To summarize, then, the upshot of this discussion is this:
*if* we take a purely algebraic approach to the axioms of set
theory, then many basic set-theoretic notions—including the
notions of countability and uncountability—will turn out to be
relative. In Skolem's words: “axiomatizing set theory leads to a
relativity of set-theoretic notions, and this relativity is inseparably
bound up with every thoroughgoing axiomatization” (Skolem 1922,
p. 296). Of course, this still leaves open the question of whether
these notions are, as it were, *absolutely relative*—of
whether there is some other, non-algebraic and non-thoroughgoing, way
of understanding our axioms which does not lead to the sort of
relativity we've just been discussing. It's when we turn to this latter
question that the various interpretations of Skolem's paper begin to
come apart.

The most traditional interpretation of the paper sees Skolem as
mounting a straightforward attack on set theory. Skolem starts his
paper by noting that the classical set-theoretic paradoxes should lead
us to be skeptical of informal understandings of set theory—of
“naive reasoning with sets,” to use Skolem's own
expression. Given this, our only real option is to fall back on some
form of axiomatized set theory, and the only respectable way to
understand our axioms is algebraically (since understanding them
intuitively would amount to falling back into our previously
discredited naiveté). But Skolem's Paradox shows that
set-theoretic notions are relative on the algebraic conception of
axiomatization. So, these notions are *really* relative. In
short: the classical paradoxes show that the algebraic conception of
set theory is the best conception we've got, and so Skolem's Paradox
shows that set-theoretic notions are unavoidably relative. This
traditional reading of Skolem is quite prevalent in the folklore;
variants of it are discussed in Hart 1970, McIntosh 1979, Muller 2005,
and Bellotti 2006.

The second interpretation focuses on Skolem's claim that set theory
cannot provide an adequate foundation for mathematics. In particular,
Skolem thinks that set theory lacks the resources to provide a
foundation for ordinary arithmetic—on his view, arithmetic is
“clear, natural and not open to question,” while set theory
itself is far more problematic. To *show* that set theory is
problematic, Skolem runs through a number of different ways of
interpreting set theory—naive set theory, axiomatized set theory
construed proof-theoretically, axiomatized set theory construed
algebraically, etc.—and he argues that each of these
understandings of set theory is inadequate for foundational purposes.
On this reading, then, Skolem's Paradox plays only a modest role in
Skolem's overall argument. It serves to highlight some problems with
one particular conception of set theory (the algebraic conception), but
it plays no role in Skolem's arguments against other conceptions of set
theory. Further, these other arguments do not show—or even
purport to show—that the various non-algebraic conceptions of set
theory lead to any kind of relativity (although they do, of course,
have other problems which render them unsuitable for foundationalist
purposes).^{[35]}
Versions of this foundationalist reading of Skolem's paper can be found
in George 1985 and Benacerraf 1985; see Jané 2001 for some
criticisms of this line of interpretation.

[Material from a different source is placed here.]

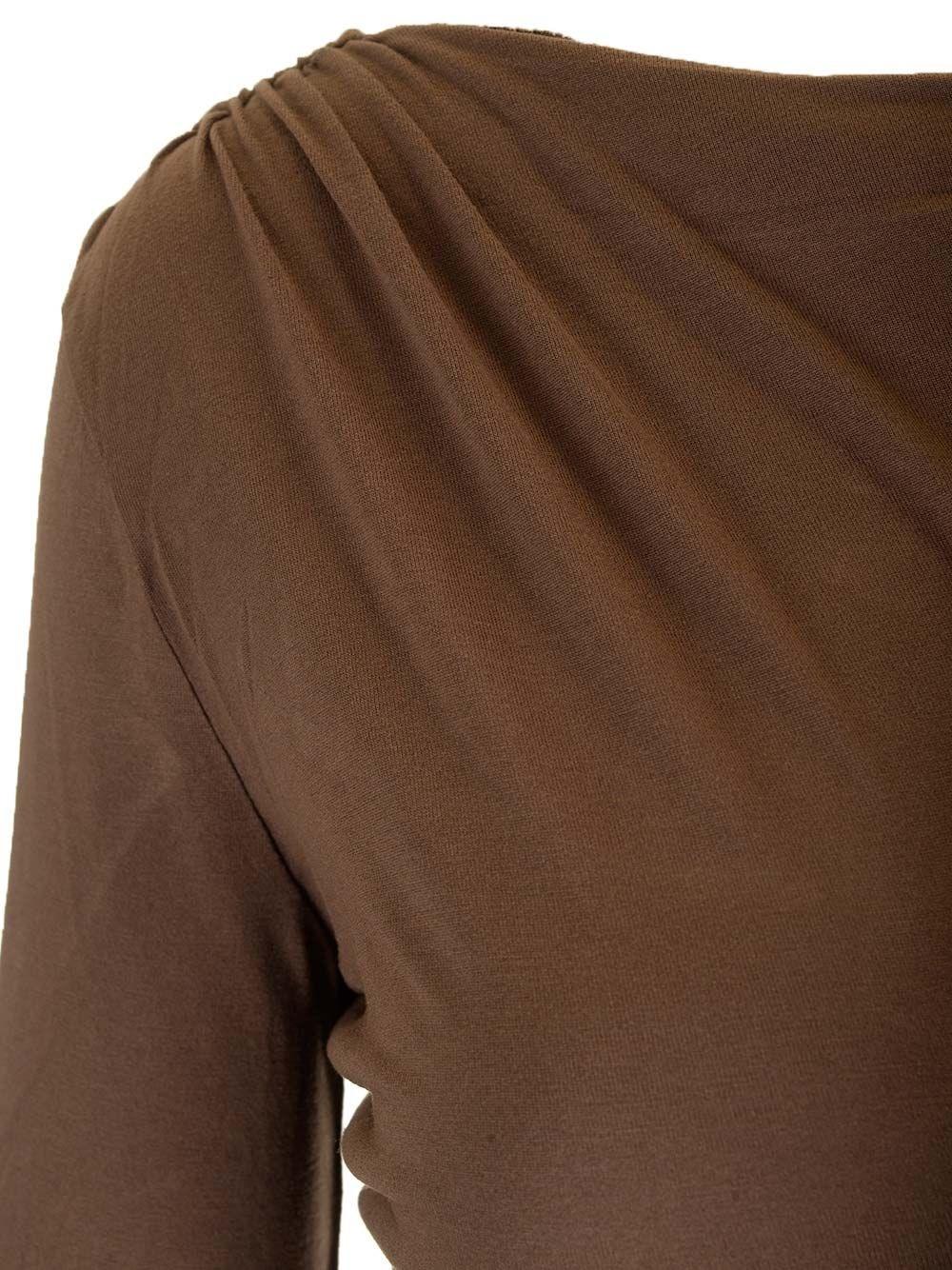 Al Duca D'Aosta Rick Owens Crop top "Jade" Enormi risparmi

The final interpretation of Skolem's argument comes in a recent paper by Ignacio Jané (Jané 2001). Jané's reading agrees with the traditional interpretation in taking Skolem to be mounting a fairly general attack on set theory—and, in particular, on the notion of an absolutely uncountable set. But it agrees with the foundationalist interpretation in that it takes this attack to be mounted piecemeal, with Skolem's Paradox itself playing only a modest role in one prong of the attack. Very roughly, Jané thinks that Skolem is trying to show that there is no rigorous way to initially introduce the notion of an uncountable set into mathematics. The set-theoretic paradoxes show that we should not naively take Cantor's Theorem at face value—so, Cantor's proof itself doesn't force us to accept uncountable sets. Skolem's Paradox shows that adopting an algebraic understanding of the set-theoretic axioms also doesn't force us to accept uncountable sets, since we can always interpret these axioms as applying to a model that's only countable.

Of course, as Jané notices, there are a number of strategies
that we could use to evade this application of Skolem's Paradox: we
could use uncountably many axioms to force our models to have
uncountable domains, we could appeal to the Upward
Löwenheim-Skolem theorem to show that Zermelo's axioms
*also* have uncountable models (see section
1),
or we could move to a second-order version of Zermelo's axioms and then
prove that these axioms can *only* be satisfied by models with
uncountable domains (see section
2.5).
Unfortunately, each of these strategies presupposes that we already
have a prior grip on the notion of an uncountable set—e.g., to
initially characterize an uncountable set of axioms, to formulate the
Upward Löwenheim-Skolem theorem, or to prove that second-order ZFC
has only uncountable models. So, none of these strategies can be used
to *introduce* uncountable sets into mathematics in the first
place. Or so, at any rate, Jané takes Skolem to be arguing.

These, then, are the three main interpretations of Skolem's paper in
the literature. Without taking a stand on which of these
interpretations best captures Skolem's own intentions, we note that
most of Skolem's *contemporaries* interpreted him as giving
something like the “traditional” argument described above
and that their responses to Skolem's Paradox reflected this
interpretation. Zermelo himself came to accept the algebraic conception
of his axioms, but he then insisted that these axioms should be
interpreted in second-order terms and that, so interpreted, they do not
fall prey to Skolem's Paradox (Zermelo 1930; Taylor 1993; Ebbinghaus
2003). Similarly, Tarski suggested that Skolem's Paradox could be
defused by treating “∈” as a logical constant in some
version of type theory (see the remarks published at the end of Skolem
1958). But, while both of these suggestions would allow mathematicians
to avoid Skolem's Paradox, they both depend on accepting pieces of
powerful mathematical machinery which Skolem—on *any*
reading of his paper—would almost certainly have wanted to
reject. Given Skolem's *philosophical* purposes, therefore,
these contemporary responses to his paradox would not have seemed very
threatening (see Skolem 1955 and Skolem 1958 for some of Skolem's own
reflections on these kinds of responses).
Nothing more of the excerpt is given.